▶ _Source data_:

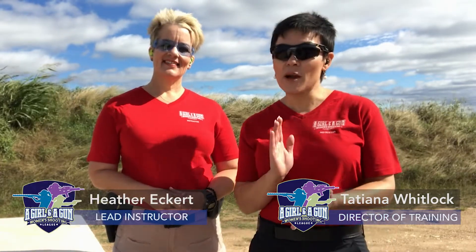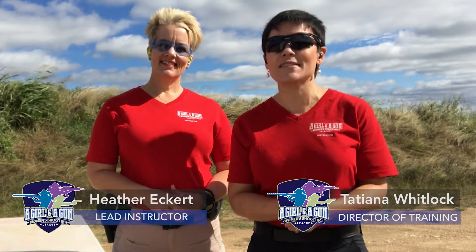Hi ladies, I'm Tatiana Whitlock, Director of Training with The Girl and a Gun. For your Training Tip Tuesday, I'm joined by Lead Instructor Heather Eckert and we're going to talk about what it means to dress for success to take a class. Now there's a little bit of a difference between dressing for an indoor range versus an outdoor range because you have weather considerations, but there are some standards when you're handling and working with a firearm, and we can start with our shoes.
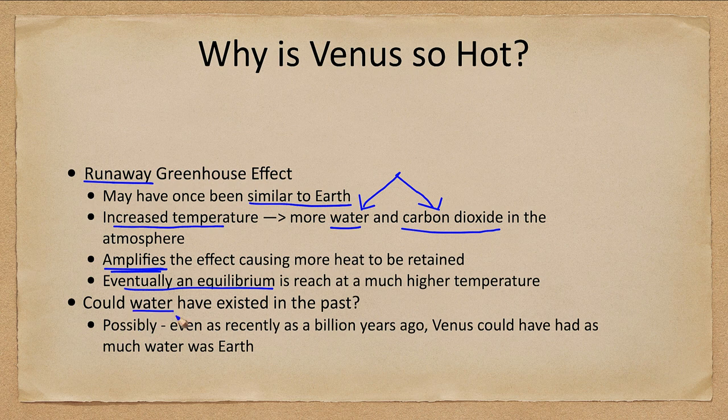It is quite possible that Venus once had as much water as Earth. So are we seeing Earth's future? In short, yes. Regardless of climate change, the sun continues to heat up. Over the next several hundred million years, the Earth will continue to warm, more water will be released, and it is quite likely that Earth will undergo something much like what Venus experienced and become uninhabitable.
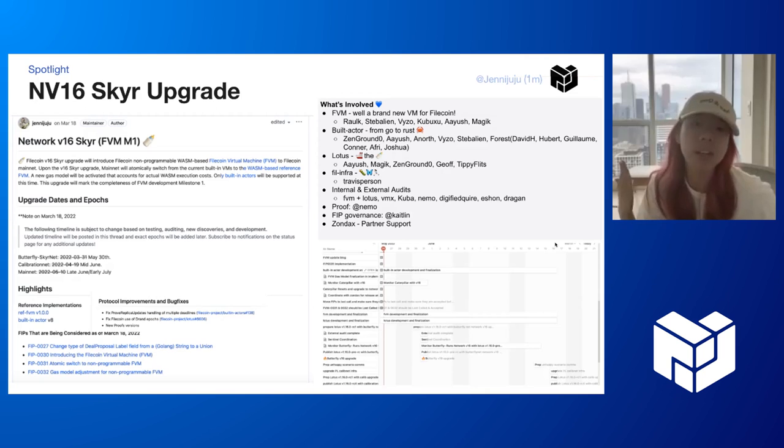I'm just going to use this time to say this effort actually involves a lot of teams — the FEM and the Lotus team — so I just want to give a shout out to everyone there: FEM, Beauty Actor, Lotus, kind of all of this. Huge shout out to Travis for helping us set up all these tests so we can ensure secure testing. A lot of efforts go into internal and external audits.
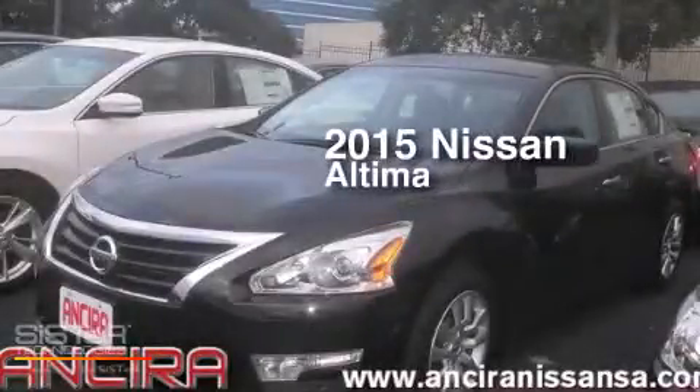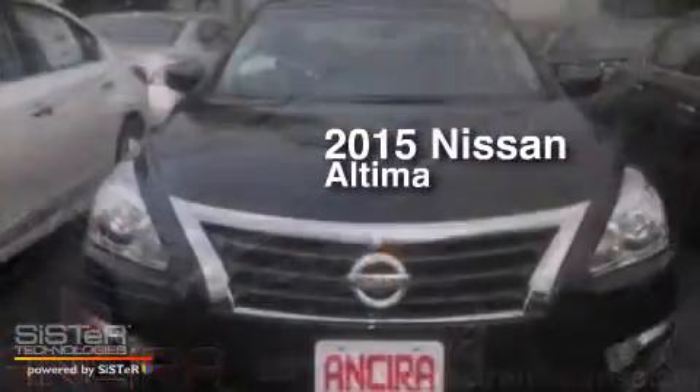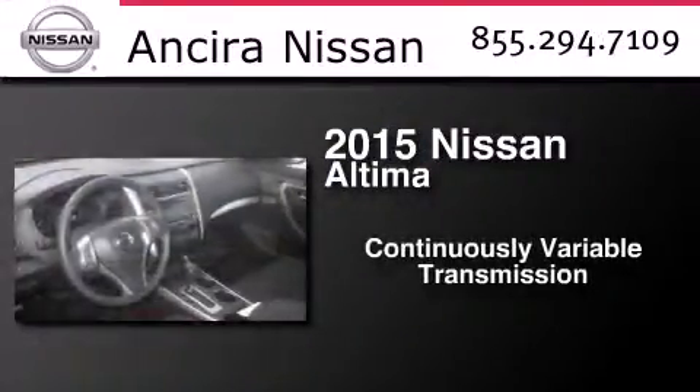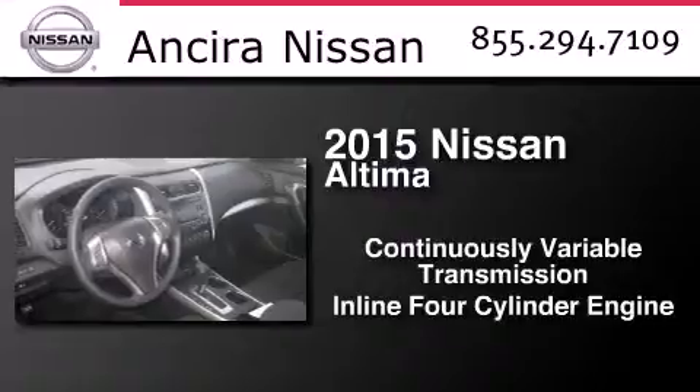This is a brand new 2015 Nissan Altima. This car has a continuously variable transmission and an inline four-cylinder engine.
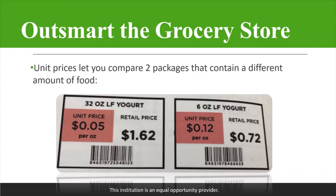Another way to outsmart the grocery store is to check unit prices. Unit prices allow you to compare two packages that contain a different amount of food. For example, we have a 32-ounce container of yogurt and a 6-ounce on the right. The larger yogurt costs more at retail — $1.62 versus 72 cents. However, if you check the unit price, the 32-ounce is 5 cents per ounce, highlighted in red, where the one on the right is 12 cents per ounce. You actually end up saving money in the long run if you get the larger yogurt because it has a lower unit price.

▶ _Exercise objective_:
Starting with the line that contains "I'm just going", copy every line word for word through the end of the listing above, but leave out the pictures.

▶ _Solution below_:
I'm just going to use this time to say this effort actually involves a lot of teams — the FEM and the Lotus team — so I just want to give a shout out to everyone there: FEM, Beauty Actor, Lotus, kind of all of this. Huge shout out to Travis for helping us set up all these tests so we can ensure secure testing. A lot of efforts go into internal and external audits.
This is a brand new 2015 Nissan Altima. This car has a continuously variable transmission and an inline four-cylinder engine.
Another way to outsmart the grocery store is to check unit prices. Unit prices allow you to compare two packages that contain a different amount of food. For example, we have a 32-ounce container of yogurt and a 6-ounce on the right. The larger yogurt costs more at retail — $1.62 versus 72 cents. However, if you check the unit price, the 32-ounce is 5 cents per ounce, highlighted in red, where the one on the right is 12 cents per ounce. You actually end up saving money in the long run if you get the larger yogurt because it has a lower unit price.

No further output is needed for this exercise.